Exercise inputs:
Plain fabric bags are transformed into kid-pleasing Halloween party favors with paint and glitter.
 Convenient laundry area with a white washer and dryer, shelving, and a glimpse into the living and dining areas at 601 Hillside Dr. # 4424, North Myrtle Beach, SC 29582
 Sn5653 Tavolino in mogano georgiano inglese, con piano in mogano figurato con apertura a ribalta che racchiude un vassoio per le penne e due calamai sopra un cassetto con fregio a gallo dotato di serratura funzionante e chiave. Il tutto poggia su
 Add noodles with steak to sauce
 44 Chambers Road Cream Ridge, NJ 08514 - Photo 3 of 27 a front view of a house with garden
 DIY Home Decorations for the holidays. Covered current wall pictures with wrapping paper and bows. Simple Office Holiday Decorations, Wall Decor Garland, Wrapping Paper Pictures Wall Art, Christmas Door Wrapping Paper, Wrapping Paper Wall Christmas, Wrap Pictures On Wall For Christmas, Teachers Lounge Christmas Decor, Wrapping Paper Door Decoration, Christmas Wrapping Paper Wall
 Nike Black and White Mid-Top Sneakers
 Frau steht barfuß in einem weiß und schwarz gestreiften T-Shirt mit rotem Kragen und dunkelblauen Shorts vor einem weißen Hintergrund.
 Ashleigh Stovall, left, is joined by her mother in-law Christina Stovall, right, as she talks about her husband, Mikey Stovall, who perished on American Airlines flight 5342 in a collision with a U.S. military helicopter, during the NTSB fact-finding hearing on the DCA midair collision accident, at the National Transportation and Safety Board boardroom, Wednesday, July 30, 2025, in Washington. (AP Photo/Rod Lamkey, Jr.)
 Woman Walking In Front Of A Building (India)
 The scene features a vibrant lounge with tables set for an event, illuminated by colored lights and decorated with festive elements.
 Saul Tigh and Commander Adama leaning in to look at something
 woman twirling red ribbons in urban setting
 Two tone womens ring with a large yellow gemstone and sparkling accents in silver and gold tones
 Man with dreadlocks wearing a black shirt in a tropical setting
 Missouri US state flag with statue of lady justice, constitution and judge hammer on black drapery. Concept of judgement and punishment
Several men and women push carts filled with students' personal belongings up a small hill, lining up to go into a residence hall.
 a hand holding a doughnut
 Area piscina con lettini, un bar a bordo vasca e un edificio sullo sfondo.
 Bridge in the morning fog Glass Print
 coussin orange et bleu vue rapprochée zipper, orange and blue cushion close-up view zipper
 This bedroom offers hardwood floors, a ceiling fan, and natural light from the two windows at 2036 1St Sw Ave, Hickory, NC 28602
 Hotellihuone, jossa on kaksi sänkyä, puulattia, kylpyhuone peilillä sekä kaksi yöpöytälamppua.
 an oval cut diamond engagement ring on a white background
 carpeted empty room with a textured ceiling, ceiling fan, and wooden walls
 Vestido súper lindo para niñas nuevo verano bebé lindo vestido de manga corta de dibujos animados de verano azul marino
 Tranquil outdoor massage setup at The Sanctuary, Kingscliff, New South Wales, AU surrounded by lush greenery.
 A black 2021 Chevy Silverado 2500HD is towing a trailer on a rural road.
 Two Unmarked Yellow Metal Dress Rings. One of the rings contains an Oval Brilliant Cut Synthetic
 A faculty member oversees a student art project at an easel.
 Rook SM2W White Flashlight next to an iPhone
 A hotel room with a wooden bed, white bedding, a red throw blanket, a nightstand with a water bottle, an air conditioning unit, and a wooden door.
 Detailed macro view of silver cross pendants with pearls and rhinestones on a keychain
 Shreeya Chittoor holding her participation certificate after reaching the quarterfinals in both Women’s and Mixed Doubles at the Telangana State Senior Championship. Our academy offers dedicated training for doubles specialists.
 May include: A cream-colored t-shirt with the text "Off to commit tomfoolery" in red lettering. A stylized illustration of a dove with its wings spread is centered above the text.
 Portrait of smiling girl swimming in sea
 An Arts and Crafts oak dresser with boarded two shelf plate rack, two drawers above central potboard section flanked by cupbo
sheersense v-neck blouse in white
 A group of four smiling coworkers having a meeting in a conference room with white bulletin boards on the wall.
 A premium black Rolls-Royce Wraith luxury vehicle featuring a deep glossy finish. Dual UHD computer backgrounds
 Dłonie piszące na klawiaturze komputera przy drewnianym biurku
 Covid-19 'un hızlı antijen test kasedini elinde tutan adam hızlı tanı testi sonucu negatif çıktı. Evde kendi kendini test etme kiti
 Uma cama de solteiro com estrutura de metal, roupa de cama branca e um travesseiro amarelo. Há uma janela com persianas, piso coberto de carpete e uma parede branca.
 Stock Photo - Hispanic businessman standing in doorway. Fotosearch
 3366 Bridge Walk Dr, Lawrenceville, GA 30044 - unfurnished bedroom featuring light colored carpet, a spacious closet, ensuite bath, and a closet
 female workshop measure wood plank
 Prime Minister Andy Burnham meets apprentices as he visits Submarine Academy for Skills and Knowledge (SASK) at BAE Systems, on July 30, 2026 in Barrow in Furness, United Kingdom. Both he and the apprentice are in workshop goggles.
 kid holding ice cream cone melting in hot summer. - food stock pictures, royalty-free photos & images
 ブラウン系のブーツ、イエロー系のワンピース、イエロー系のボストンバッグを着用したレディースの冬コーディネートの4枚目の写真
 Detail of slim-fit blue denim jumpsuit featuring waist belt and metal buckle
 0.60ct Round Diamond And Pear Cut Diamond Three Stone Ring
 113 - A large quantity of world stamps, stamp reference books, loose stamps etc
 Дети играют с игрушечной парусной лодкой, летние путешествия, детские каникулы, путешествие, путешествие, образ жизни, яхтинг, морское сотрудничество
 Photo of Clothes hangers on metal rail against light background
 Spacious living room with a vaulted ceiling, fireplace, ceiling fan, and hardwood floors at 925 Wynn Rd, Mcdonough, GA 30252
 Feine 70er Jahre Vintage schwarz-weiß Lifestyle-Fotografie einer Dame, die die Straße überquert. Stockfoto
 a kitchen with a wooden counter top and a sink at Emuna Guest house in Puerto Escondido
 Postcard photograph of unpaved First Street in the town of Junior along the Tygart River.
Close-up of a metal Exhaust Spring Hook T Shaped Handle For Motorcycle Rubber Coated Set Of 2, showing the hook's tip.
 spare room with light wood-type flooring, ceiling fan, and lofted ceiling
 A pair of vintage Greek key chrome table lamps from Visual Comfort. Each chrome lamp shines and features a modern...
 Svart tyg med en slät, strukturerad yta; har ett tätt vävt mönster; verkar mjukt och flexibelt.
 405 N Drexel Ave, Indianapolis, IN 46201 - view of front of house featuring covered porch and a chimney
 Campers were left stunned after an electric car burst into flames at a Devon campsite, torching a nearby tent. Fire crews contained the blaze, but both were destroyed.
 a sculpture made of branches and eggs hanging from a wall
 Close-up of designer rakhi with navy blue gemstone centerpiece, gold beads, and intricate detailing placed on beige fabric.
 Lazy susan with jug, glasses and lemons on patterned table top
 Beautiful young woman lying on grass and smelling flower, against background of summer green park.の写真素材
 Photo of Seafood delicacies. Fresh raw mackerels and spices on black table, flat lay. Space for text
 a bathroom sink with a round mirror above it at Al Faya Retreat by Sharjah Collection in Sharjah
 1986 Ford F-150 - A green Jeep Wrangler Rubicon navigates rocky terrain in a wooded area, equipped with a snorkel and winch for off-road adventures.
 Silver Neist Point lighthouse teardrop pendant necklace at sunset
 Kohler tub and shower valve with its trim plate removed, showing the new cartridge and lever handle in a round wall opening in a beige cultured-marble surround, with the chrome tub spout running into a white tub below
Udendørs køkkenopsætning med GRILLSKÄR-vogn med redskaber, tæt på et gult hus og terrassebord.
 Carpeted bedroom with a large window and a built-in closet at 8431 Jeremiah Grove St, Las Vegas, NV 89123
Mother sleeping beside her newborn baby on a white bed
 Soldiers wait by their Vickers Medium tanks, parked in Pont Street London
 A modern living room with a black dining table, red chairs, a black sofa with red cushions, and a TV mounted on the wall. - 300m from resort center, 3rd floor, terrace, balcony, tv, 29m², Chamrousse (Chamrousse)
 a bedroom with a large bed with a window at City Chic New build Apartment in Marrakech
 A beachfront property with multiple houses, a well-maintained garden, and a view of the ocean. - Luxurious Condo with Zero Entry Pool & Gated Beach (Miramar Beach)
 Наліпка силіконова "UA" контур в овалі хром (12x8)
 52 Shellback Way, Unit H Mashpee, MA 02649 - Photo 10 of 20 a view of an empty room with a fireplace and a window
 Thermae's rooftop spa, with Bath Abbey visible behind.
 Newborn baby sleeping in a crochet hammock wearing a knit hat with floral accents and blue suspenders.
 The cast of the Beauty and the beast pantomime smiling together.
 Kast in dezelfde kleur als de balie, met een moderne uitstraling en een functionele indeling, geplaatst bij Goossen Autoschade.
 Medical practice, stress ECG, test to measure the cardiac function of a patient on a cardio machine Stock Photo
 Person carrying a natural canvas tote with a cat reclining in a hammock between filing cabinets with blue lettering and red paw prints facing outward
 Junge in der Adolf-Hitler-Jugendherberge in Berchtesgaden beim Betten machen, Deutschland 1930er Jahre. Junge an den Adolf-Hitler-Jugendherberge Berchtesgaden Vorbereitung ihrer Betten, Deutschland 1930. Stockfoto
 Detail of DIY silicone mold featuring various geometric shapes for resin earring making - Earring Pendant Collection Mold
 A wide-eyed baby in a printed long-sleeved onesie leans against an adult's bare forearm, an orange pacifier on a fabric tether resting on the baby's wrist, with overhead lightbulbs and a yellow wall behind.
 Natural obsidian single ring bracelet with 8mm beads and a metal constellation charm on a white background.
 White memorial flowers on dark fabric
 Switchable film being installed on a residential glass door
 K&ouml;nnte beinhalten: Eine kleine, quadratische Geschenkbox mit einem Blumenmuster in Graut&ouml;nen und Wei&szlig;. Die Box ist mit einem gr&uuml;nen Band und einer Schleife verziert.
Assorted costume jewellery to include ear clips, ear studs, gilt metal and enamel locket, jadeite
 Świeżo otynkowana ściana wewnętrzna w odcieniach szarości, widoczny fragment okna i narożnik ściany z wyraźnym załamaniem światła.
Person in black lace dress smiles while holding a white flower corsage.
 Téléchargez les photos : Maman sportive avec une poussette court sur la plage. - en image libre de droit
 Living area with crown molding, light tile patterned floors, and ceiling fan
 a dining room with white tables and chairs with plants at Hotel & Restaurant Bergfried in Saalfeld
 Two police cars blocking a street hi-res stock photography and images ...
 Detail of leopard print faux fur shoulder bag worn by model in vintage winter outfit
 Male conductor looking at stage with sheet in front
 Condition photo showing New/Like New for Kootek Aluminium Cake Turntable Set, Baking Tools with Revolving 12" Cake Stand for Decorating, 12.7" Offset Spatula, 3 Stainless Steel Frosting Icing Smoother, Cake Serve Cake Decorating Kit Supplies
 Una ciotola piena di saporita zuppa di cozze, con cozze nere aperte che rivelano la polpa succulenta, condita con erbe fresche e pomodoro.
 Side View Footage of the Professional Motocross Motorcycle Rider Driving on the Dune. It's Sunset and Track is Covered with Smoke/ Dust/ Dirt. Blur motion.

Task: Above are some records; copy exactly the lines from the one with "Uma cama de" through the one with "female workshop measure wood plank", both included, and no others.

Exercise output:
 Uma cama de solteiro com estrutura de metal, roupa de cama branca e um travesseiro amarelo. Há uma janela com persianas, piso coberto de carpete e uma parede branca.
 Stock Photo - Hispanic businessman standing in doorway. Fotosearch
 3366 Bridge Walk Dr, Lawrenceville, GA 30044 - unfurnished bedroom featuring light colored carpet, a spacious closet, ensuite bath, and a closet
 female workshop measure wood plank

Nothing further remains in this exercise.